Священнослужитель обернулся к Джереми и внимательно осмотрел его, сузив глаза и вытянув шею вперёд.
– Джереми Уилборн-младший. Я рад видеть вас в лоно церкви, где ваша душа может стать много и много чище, – наконец, произнёс он тихим скрипучим голосом.
– Смотрите телевизор, святой отец? – излишне саркастично спросил Джереми, не сдержавшись.
– Нет, сын мой. Скажу честно – мне неинтересно всё это… современное. Не думаю, что Богу угодно, что мы лезем со своими технологиями в устройство того мира, что Он создал для нас. Не повторяем ли мы ошибку Адама и Евы, стремясь к излишнему желанию познаваний? Не изгонит ли нас Бог и с Земли, как их из Рая? Простите меня за мои философские рассуждения – как мне помнится, вы были крещены, но вера обошла вас стороной. Так ли оно и сейчас?

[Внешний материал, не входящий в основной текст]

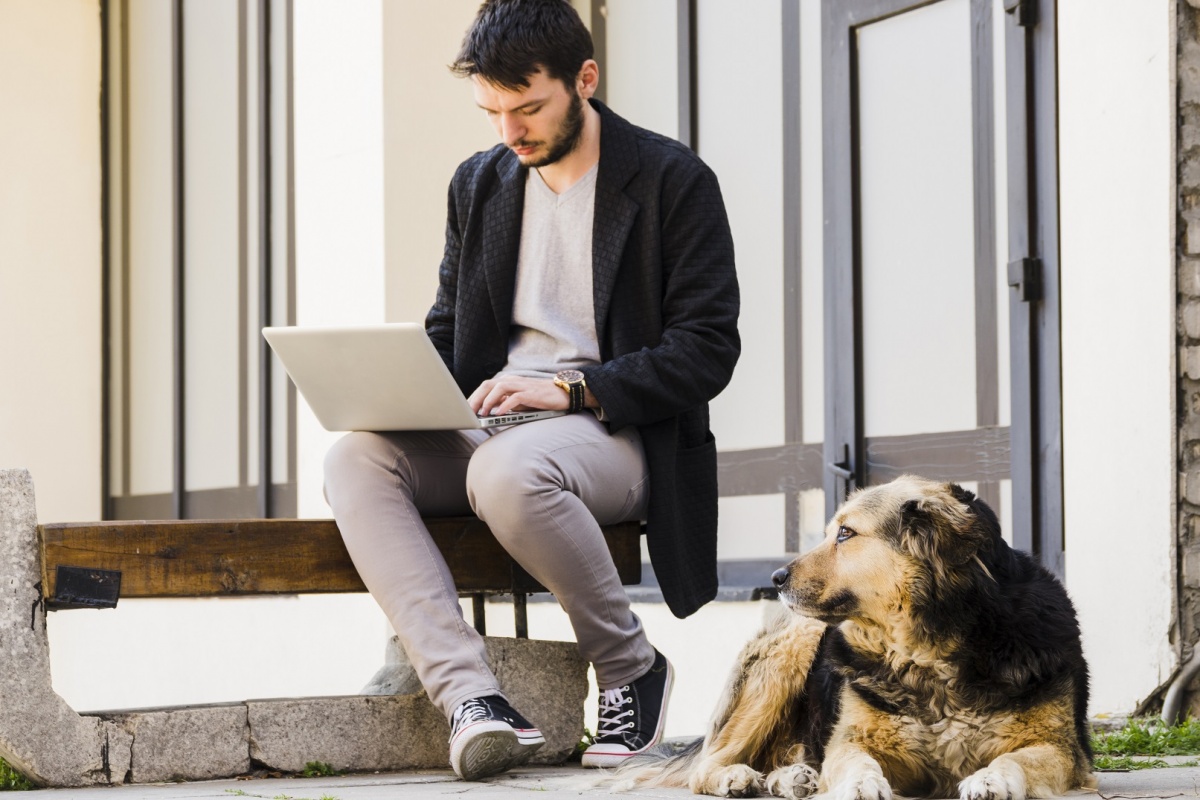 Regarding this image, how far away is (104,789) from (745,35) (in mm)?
4511

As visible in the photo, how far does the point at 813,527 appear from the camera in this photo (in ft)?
20.4

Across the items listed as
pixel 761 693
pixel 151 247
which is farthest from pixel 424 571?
pixel 151 247

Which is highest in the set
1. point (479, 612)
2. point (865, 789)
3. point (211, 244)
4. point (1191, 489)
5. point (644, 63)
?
point (644, 63)

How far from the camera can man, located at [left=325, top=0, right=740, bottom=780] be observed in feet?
11.1

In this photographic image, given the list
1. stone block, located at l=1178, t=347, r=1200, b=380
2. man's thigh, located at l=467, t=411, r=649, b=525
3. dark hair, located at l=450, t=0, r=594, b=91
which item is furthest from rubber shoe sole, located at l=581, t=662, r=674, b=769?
stone block, located at l=1178, t=347, r=1200, b=380

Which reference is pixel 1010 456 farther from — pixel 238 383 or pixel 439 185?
pixel 238 383

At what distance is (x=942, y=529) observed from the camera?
2842mm

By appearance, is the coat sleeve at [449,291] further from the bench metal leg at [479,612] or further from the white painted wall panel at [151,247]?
the white painted wall panel at [151,247]

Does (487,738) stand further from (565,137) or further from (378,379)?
(565,137)

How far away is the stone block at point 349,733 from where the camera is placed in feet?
12.1

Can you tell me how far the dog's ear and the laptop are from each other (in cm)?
98

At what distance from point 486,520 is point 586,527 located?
0.23 metres

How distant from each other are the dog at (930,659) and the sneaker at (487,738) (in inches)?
11.5

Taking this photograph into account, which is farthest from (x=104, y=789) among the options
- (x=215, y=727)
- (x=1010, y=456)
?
(x=1010, y=456) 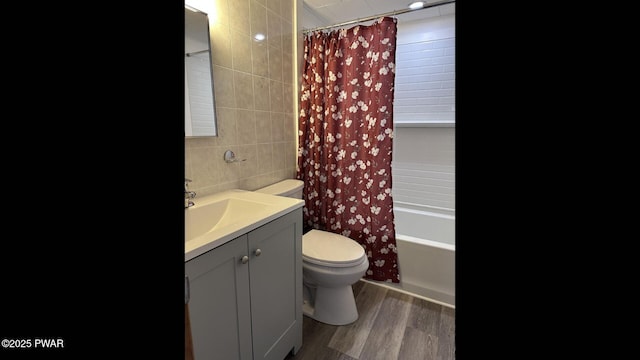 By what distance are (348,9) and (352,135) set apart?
101cm

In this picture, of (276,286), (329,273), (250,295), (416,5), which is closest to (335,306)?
(329,273)

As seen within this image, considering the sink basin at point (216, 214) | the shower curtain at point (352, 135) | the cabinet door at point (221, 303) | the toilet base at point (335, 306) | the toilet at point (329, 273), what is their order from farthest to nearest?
the shower curtain at point (352, 135)
the toilet base at point (335, 306)
the toilet at point (329, 273)
the sink basin at point (216, 214)
the cabinet door at point (221, 303)

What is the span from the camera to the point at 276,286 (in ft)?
3.99

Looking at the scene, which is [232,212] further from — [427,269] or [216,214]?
[427,269]

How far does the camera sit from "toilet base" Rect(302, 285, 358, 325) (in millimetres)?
1664

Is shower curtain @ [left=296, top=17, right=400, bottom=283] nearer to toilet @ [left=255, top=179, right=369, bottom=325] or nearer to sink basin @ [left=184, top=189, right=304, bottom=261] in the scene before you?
toilet @ [left=255, top=179, right=369, bottom=325]

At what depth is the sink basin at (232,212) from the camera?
3.45ft

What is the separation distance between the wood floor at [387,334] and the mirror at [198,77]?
1208 millimetres

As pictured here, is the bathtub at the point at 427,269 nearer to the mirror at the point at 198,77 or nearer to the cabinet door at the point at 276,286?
the cabinet door at the point at 276,286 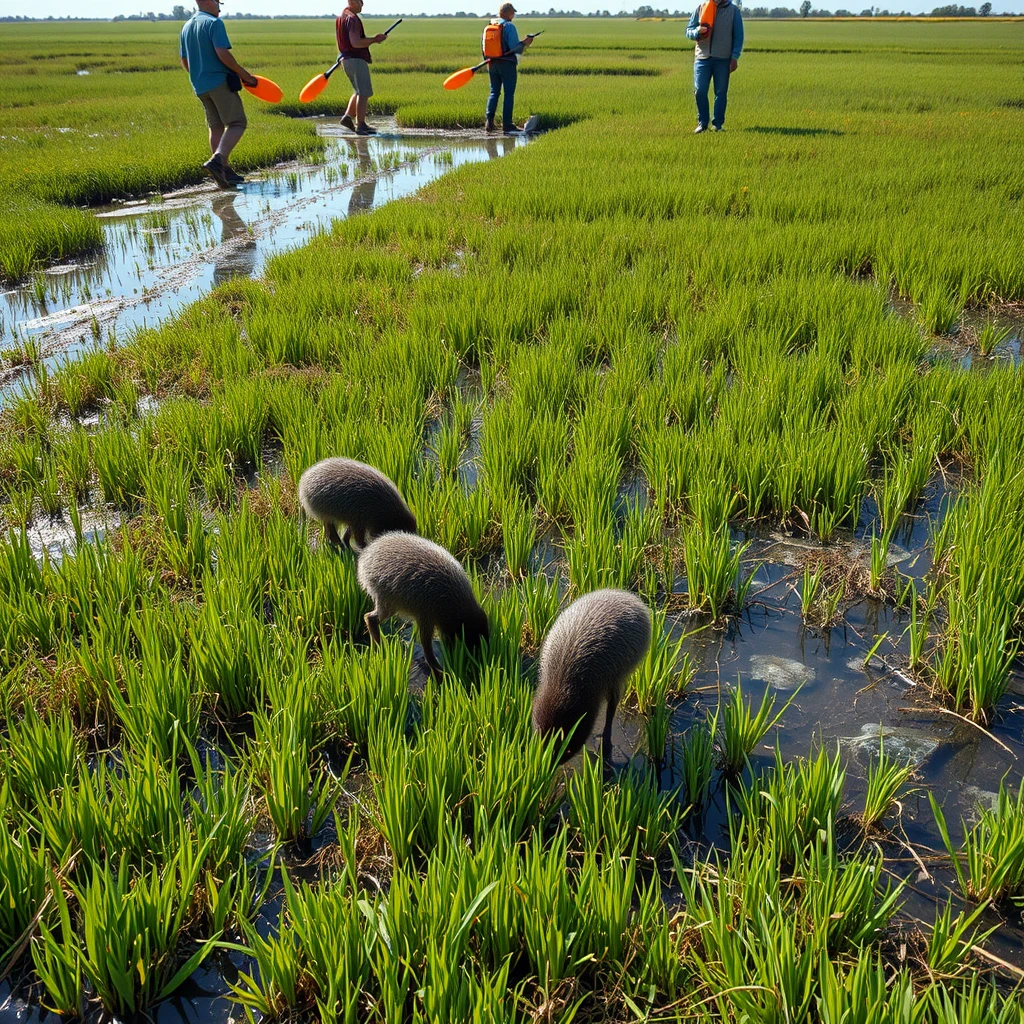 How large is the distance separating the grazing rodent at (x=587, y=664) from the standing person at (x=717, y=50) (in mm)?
11244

– Да, святой отец, – честно ответил Джереми.
– Что ж, жаль. Боюсь, это огорчает вашу матушку. И всё же, что привело вас, сын мой?
– Это касается одной прихожанки вашей церкви. Анны Штейт…
– Анна Штейт… – перебив Джереми на полуслове, повторил всё также тихо-тихо отец Фоджестон. Казалось, что даже эхо от сводов церкви громче самого его голоса. – Надеюсь, с ней всё в порядке? Она не явилась на беседу ни в среду, ни сегодня утром.
– Кое-какие обстоятельства помешали ей. Не знаю, стоит ли говорить о них столь открыто… Скажем так, некоторые люди, по её словам, желали ей зла, – озираясь, ответил Джереми. Помимо женщины средних лет, явно ожидающей своей очереди побеседовать со священнослужителем, Джереми заметил двух мужчин, не совсем вписывающихся в атмосферу церкви ни своим видом, ни своим поведением – впрочем, как и сам Джереми. Они не ходили от святыне к святыне, крестясь и кланяясь, не зажигали свечек и даже не сидели тихонько на лавочках, задумавшись о чём-то своём – мужчины не сводили с Джереми и отца Фоджестона глаз, будто пытались если не расслышать каждое их слово, то прочитать по губам. Помимо этого, в отличие от других прихожан, явно старающихся принарядиться при походе в церковь, мужчины выглядели так, будто только-только вышли или с поля, или из бара: широкие грязные джинсы, распахнутые флисовые рубахи в клеточку и небрежная двухдневная щетина. В голове Джереми тут же собрался образ из спагетти-вестернов – особенно одному из мужчин только не хватало ковбойской шляпы и кобуры с пистолетом на поясе, в остальном он был точь-в-точь киношным бандитом Дикого Запада.
– В церкви лишь люди чистые душой и сердцем, сын мой – разве Господь Бог допустил бы в свой храм грешников? И всё же, кое-что касательно Анны, весьма и весьма… Хм-м, – священник откашлялся. С каждым его вдохом Джереми казалось, что он слышит скрип напрягающихся до предела лёгких, – конфиденциально. Да. Не знаю, стоит ли вам знать об этом, но если Анна не посещает наши беседы, а вы знаете, что с ней… пройдём в мой скромный кабинет. Прошу за мной.
После этих слов отец Фоджестон, попросив прощения у ожидавшей его прихожанки, не медля более ни секунды, выпрямившись и даже будто слегка помолодев, уверенным шагом направился по диагонали через весь зал к противоположной стене. Джереми ничего не оставалось, как последовать за ним. Краем глаза он заметил, что та странная парочка псевдоприхожан методично поворачивает головы им вслед.